How to complete this task. Apart from the pictures, every line below needs to be reproduced verbatim.
*** Opening Given information ***
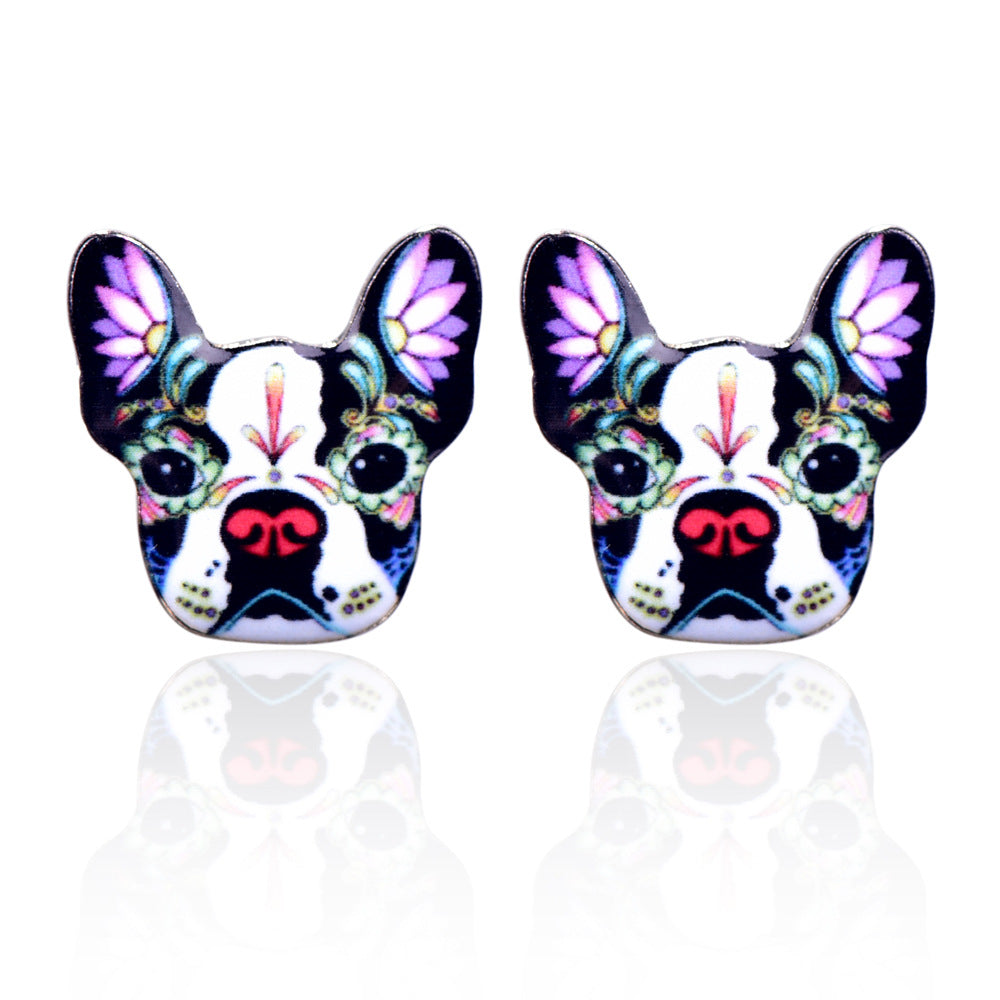 French Bulldog Earrings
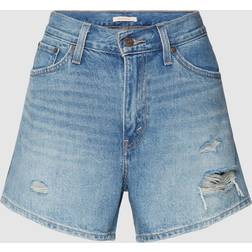 Levi's 80'er-inspirerede mom-shorts vasket lyseblå Chatterbox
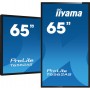 iiyama T6562AS-B1 visualizzatore di messaggi Pannello piatto interattivo 163,8 cm (64.5") IPS 500 cd/m² 4K Ultra HD Nero
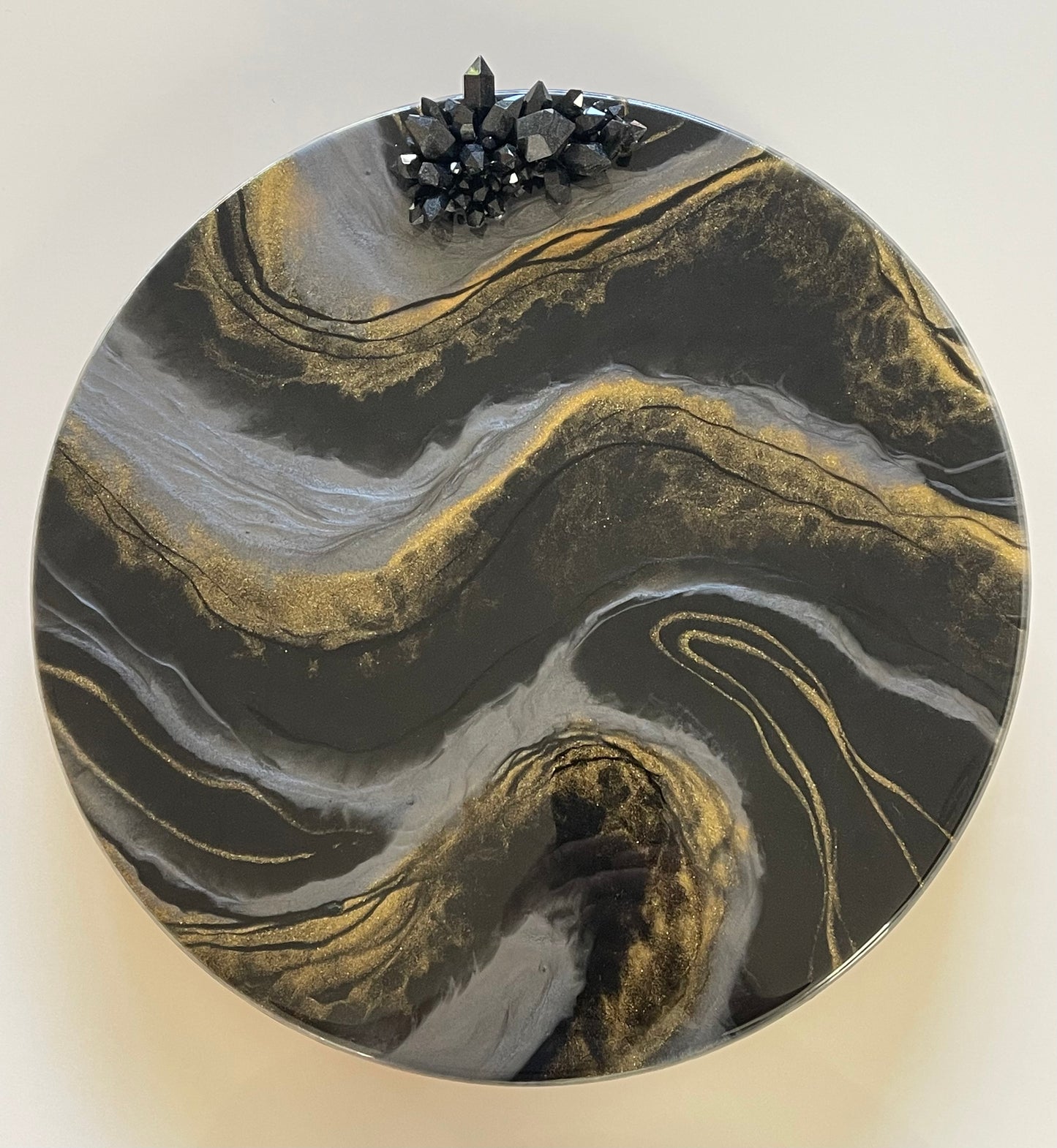 Black-Gold and Silver Lazy Susan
*** Closing Given information ***
Solution to the problem.
 French Bulldog Earrings
 Levi's 80'er-inspirerede mom-shorts vasket lyseblå Chatterbox
 iiyama T6562AS-B1 visualizzatore di messaggi Pannello piatto interattivo 163,8 cm (64.5") IPS 500 cd/m² 4K Ultra HD Nero
 Black-Gold and Silver Lazy Susan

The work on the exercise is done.